Now we’re at the second pinch point, five-eighths of the way through the novel, where we’re reminded of the antagonistic forces at hand.

In Sorcerer’s Stone, Harry catches Snape showing Filch his bitten, bloody leg. This discovery is quickly followed by a scene where it seems Snape is trying to curse Harry off his broom at a Quidditch match (but of course no one notices Quirrell muttering under his breath as well).

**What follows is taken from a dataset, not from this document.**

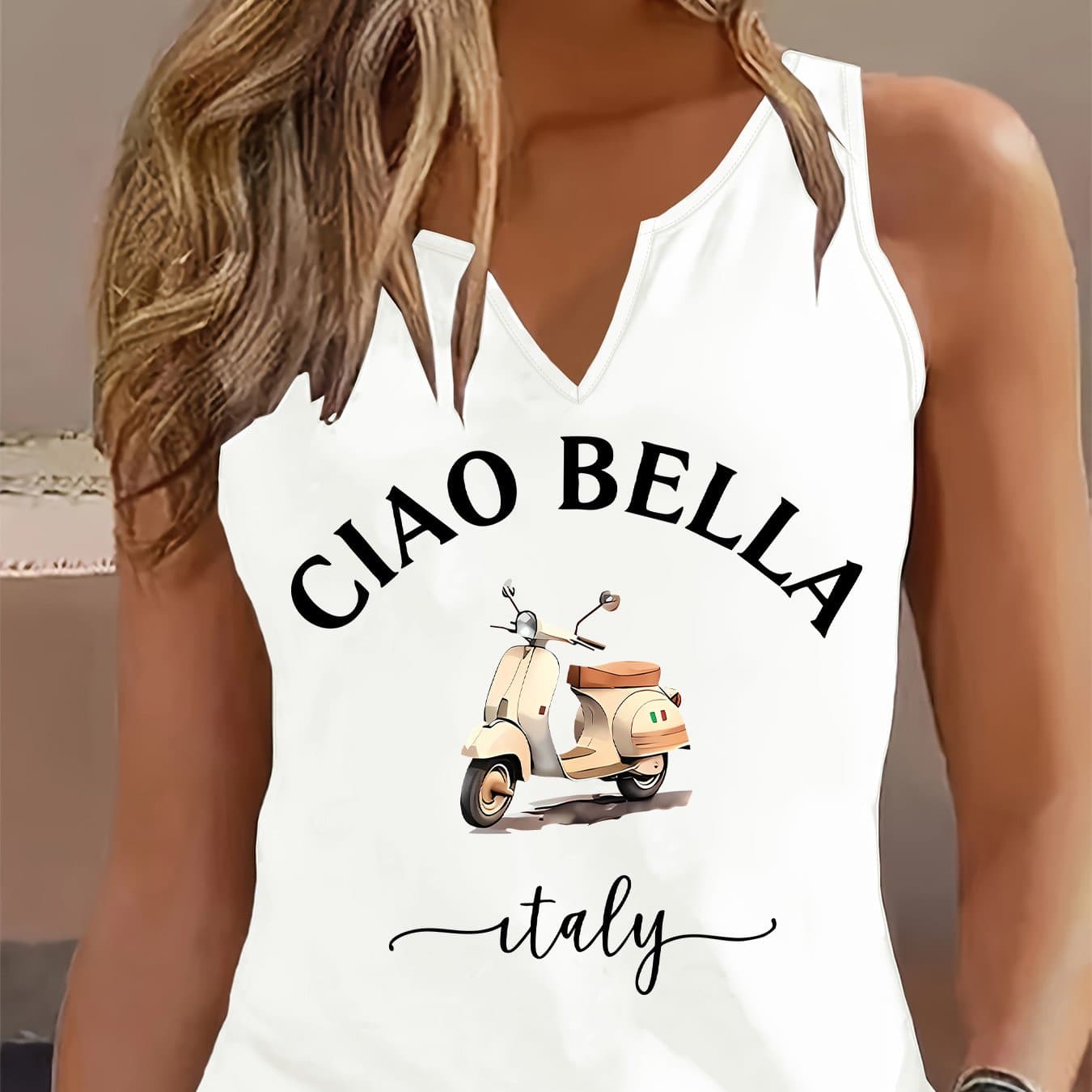 TEMU Fashionable Women's Tank Top With A Printed V-neck Design, Perfect For A Cool And Versatile Spring And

We believe that Snape will stop at nothing to get rid of Harry and steal whatever is in that grubby package.

Second Plot Point

Last in Brooks’ story structure is the second plot point, where he has some very specific qualifications:

[It is] the final injection of new information into the story, after which no new expository information may enter the story other than the hero’s actions and which puts a final piece of narrative information in play that gives the hero everything she needs to become the primary catalyst in the story’s conclusion.

In Sorcerer’s Stone, the second plot point starts with Harry realizing that Voldemort is actually the one that wants the stone stolen, although Harry still believes Snape is Voldemort’s henchman. Then Harry discovers that Hagrid, in a moment of drunken gambling, had accidentally told a disguised stranger how to get by Fluffy.

Now Harry has to take action—it’s his life at stake (and everyone else’s) if Voldemort succeeds.

The Caveat

The second plot point is typically 75 percent of the way through the novel, but Rowling’s is twenty-five pages late. Why?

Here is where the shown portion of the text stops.